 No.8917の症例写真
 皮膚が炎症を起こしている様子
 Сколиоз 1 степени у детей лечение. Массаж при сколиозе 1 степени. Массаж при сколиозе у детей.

□ □ □ □ □ □ □

The whole listing must be reproduced exactly. Do not skip a line.

 No.8917の症例写真
 皮膚が炎症を起こしている様子
 Сколиоз 1 степени у детей лечение. Массаж при сколиозе 1 степени. Массаж при сколиозе у детей.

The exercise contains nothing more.